Unter uns gesagt: Zu den spannendsten Angeboten des Kulturgeschehens gehören die Eröffnungszeremonien von Festivals ja eher nicht. Man freut sich entsprechend, wenn einmal etwas aus dem Ruder zu laufen scheint. Etwa, wenn bei den Auftaktfeierlichkeiten des steirischen herbst auf dem Grazer Mariahilferplatz zwei junge Klimaaktivistinnen überraschend das Rednerpult und dazu kurz die Themenhoheit auf dem Platz übernehmen. Bühnenpiraterie war das allerdings nicht, sondern eine akkordierte Intervention.

Kurz zuvor hatte Festivalintendantin Ekaterina Degot in ihrer Eröffnungsrede unterm Grazer Uhrturm "die dissidente Stimme der Kunst, die Stimme der Ungehorsamen, der Andersartigen" gepriesen und ein künstlerisches Handeln eingefordert, das sich nicht auf die Seite der Machthabenden schlägt, sondern jenseits von Kompromiss und Konformismus Widerständigkeit übt, ohne billige "progressive Klischees" zu bedienen.

So ein Aufruf funzt und funkt, wenn man ihm dann gleich selbst Folge leistet. Das obgenannte Intermezzo, dessen Aktivismus und Aktionismus man – zugegeben – auf der Skala zwischen "Beste herbst-Tradition" und "Billige Punktemacherei" je nach Gusto da oder dort verorten kann, war also zumindest konsequent – auch in der Herausforderung für die obligat zu Grußworten ausgerückte Politikerriege, die Irritation zu parieren.

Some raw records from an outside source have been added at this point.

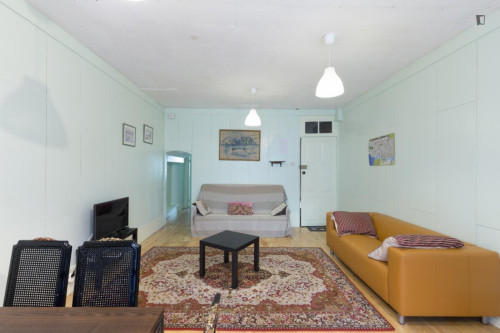 Appealing 1-bedroom apartment close to Trindade metro station - Gallery - 11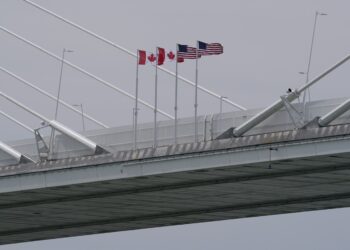 relatiile-dintre-sua-si-canada,-intr-un-nou-moment-critic-inaugurarea-unui-pod-peste-frontiera-va-fi-celebrata-separat-din-cauza-tarifelor-lui-trump-–-hotnews.ro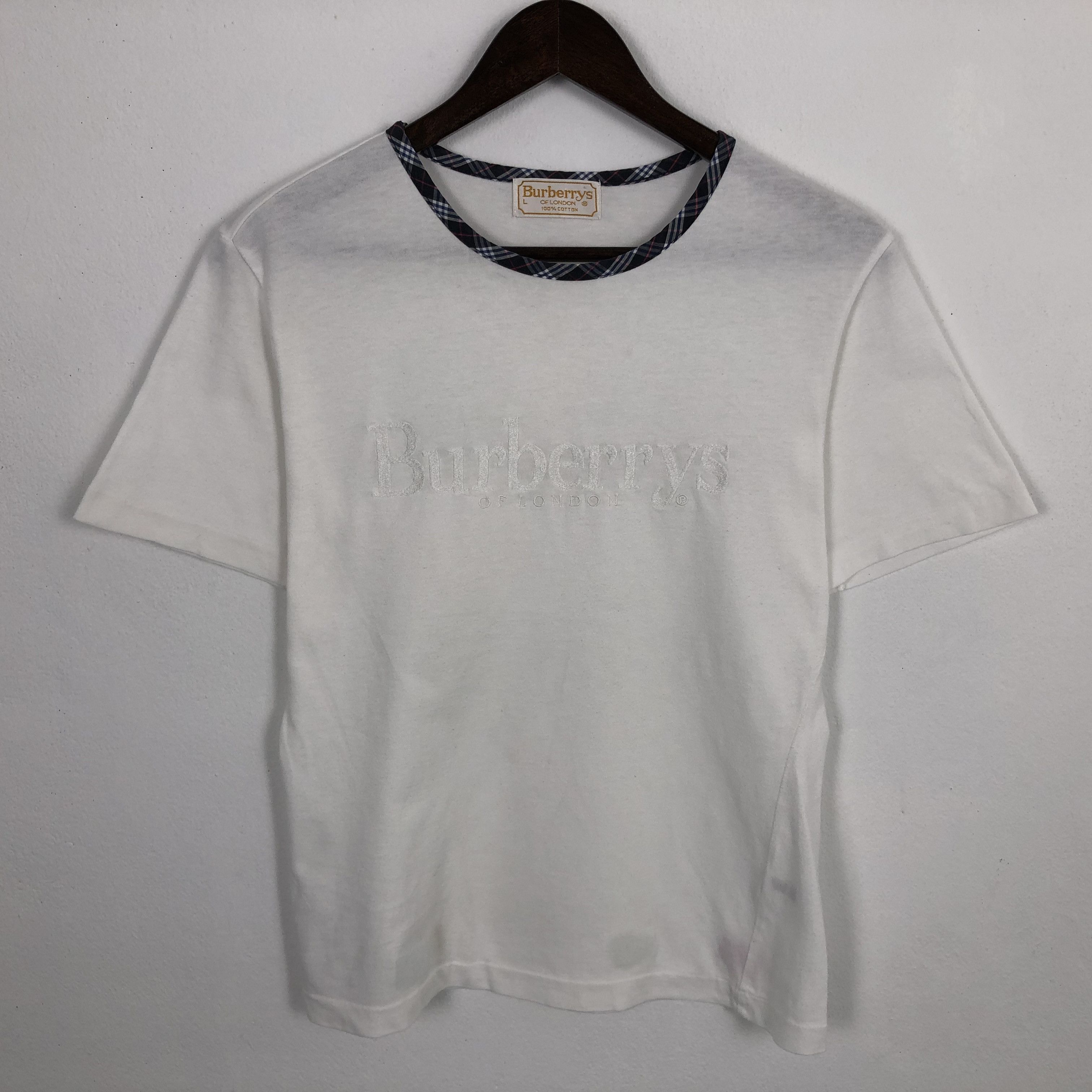 Burberry Vintage 90's Burberrys London Embroidery Design Tshirt Size US M / EU 48-50 / 2 - 1 Thumbnail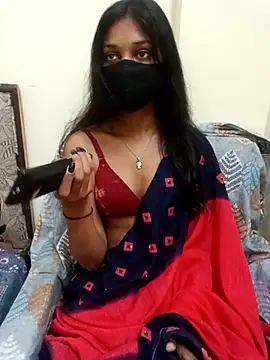 MAYA BED GIRL online show from 04-06-26, 08:26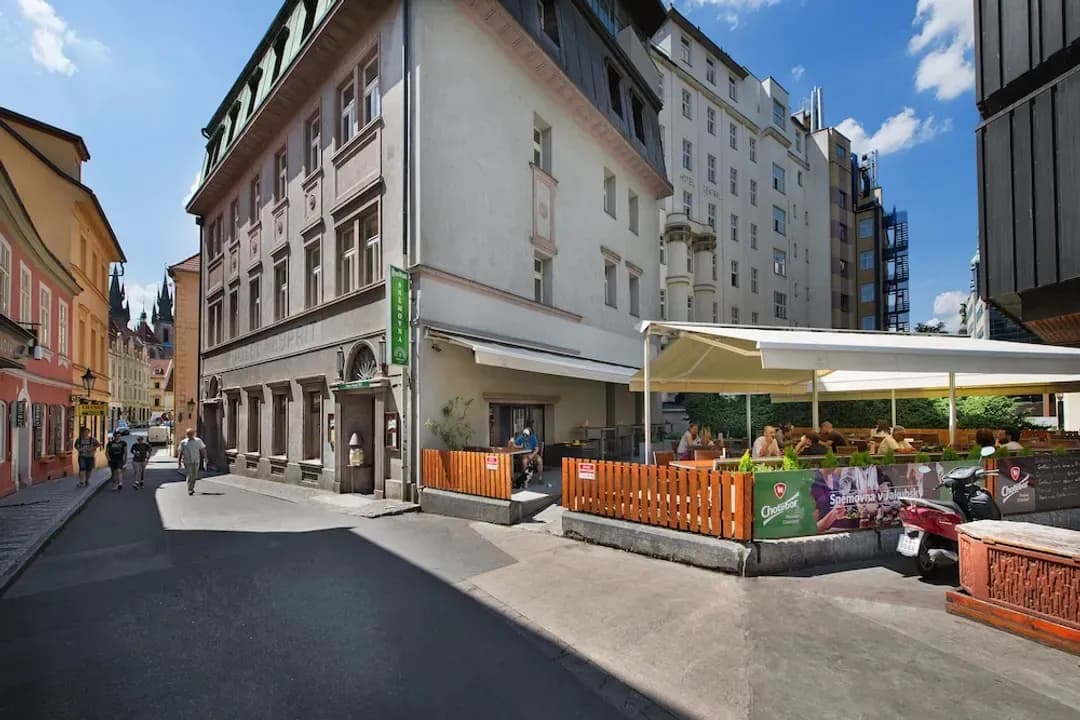 プラハ-EA ホテル ロイヤル エスプリ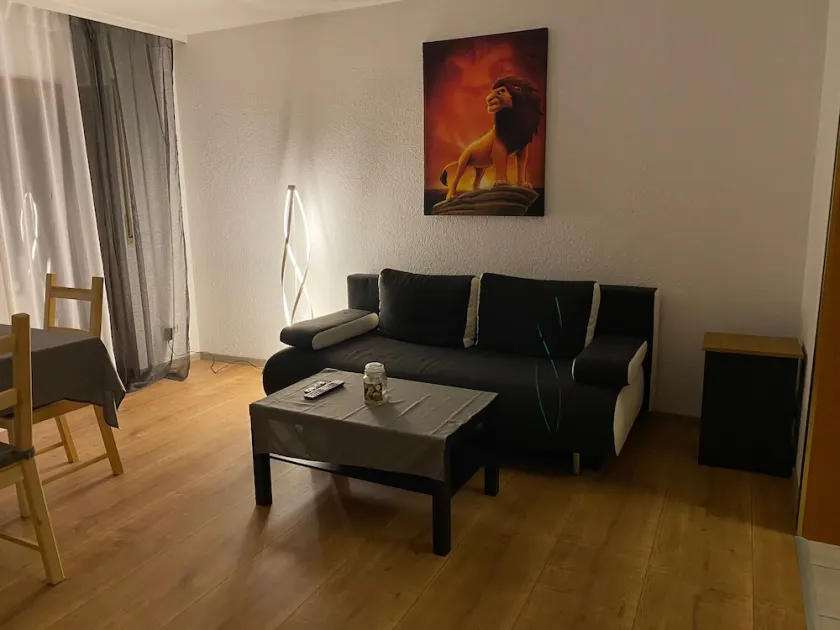 Schöne Wohnung mit Wohnzimmer und Esstisch - Image 1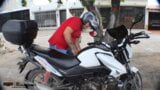 Agen angkutan sialan itu ingin mengambil sepeda motorku snapshot 2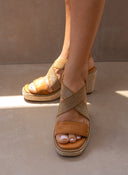 Πλατφόρμες suede με crossover λάστιχα Xti 142326 - Κάμελ - thefashionproject.gr - Xti Footwear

Oder gar etwas Sinnvolles, nicht Einstudiertes zur beherrschenden Krise der Stunde, der Zeit zu äußern.

Ist die kleine Provokation ein Zeichen dafür, dass die Intendantin, die mit diesem herbst ihre zweite Amtszeit angetreten hat, endgültig ihren Groove gefunden hat? Gut möglich. Im sechsten Jahr ihrer Intendanz und im 56. Jahr des steirischen herbst hat Degot jedenfalls ein Programm gestaltet, das einige Schwächen vorangegangener Ausgaben abstreifen konnte. Konzeptuell war bisher jedes ihrer Festivals gut gedacht, aber etliches wirkte in der Umsetzung konfus und kraftlos.

In dieser Ausgabe hat Degots Ausstellungsprogramm deutlich an Systematik und Stichhaltigkeit gewonnen; die Performanceschiene, lange eine Achillesferse des Programms, wirkt nicht länger wie der bildenden Kunst beliebig aufgepfropft und hat mehr Stringenz als bisher. Dazu fügen sich ein saftiges und schlüssiges Parallelprogramm und einige unternehmungslustige Vermittlungsprojekte.

Ob das Festival insgesamt gelingt, wird sich natürlich erst zeigen, es läuft ja noch bis 15. Oktober. Aber nach den dürren Konstrukten der ersten Jahre hat Degots herbst jetzt wieder mehr Ereignischarakter: Das hat was zu bedeuten, wenn sogar eine Eröffnung funzt und funkt.